TASK PROMPT >>
Please print, exactly, only the lines in the entries below from the line that has "2022 Dodge Durango" through the line that has "Craftsman yard combo". Pictures don't go in.

DATASET ENTRIES >>
__________________________________________________

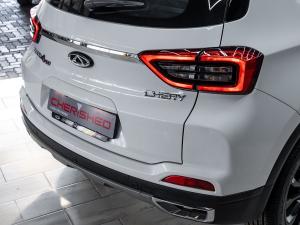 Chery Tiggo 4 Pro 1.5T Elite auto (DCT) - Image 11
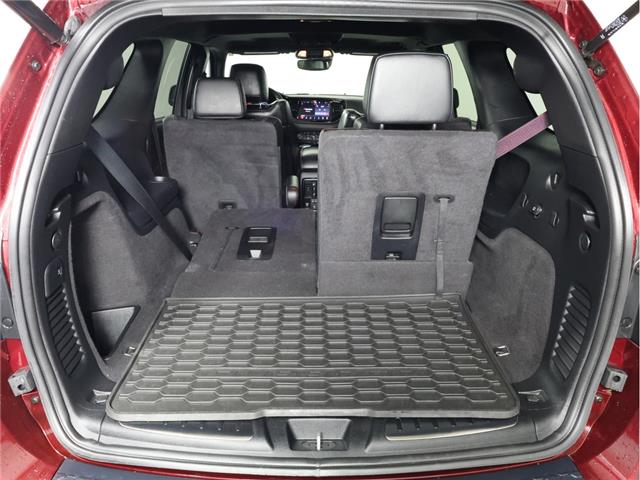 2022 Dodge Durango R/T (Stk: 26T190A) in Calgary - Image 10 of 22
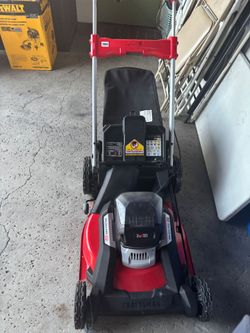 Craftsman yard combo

__________________________________________________

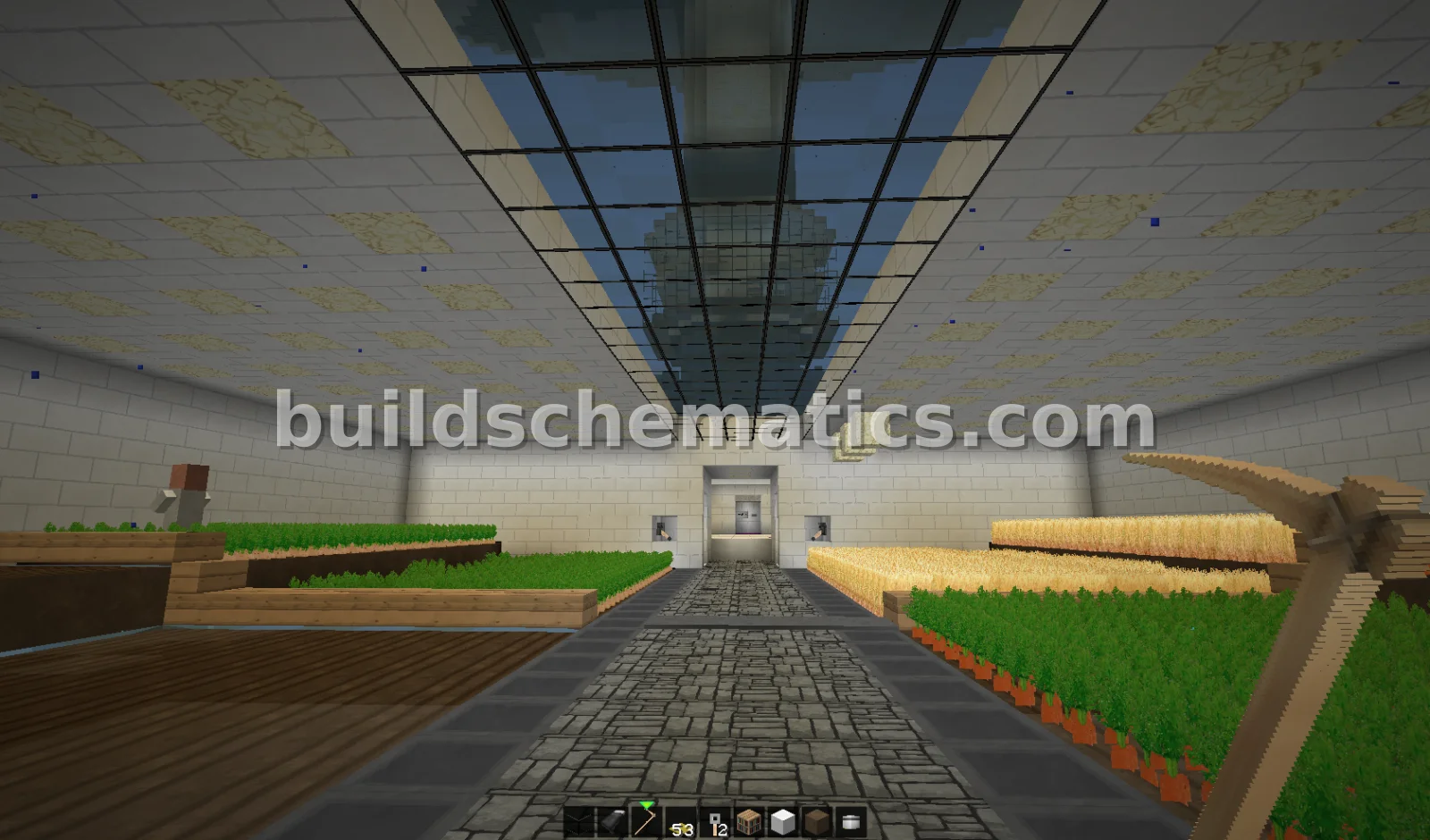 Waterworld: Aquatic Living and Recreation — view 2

__________________________________________________

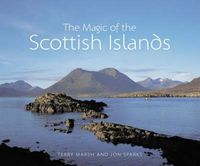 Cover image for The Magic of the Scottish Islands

__________________________________________________

WRITTEN REPLY >>
 2022 Dodge Durango R/T (Stk: 26T190A) in Calgary - Image 10 of 22
 Craftsman yard combo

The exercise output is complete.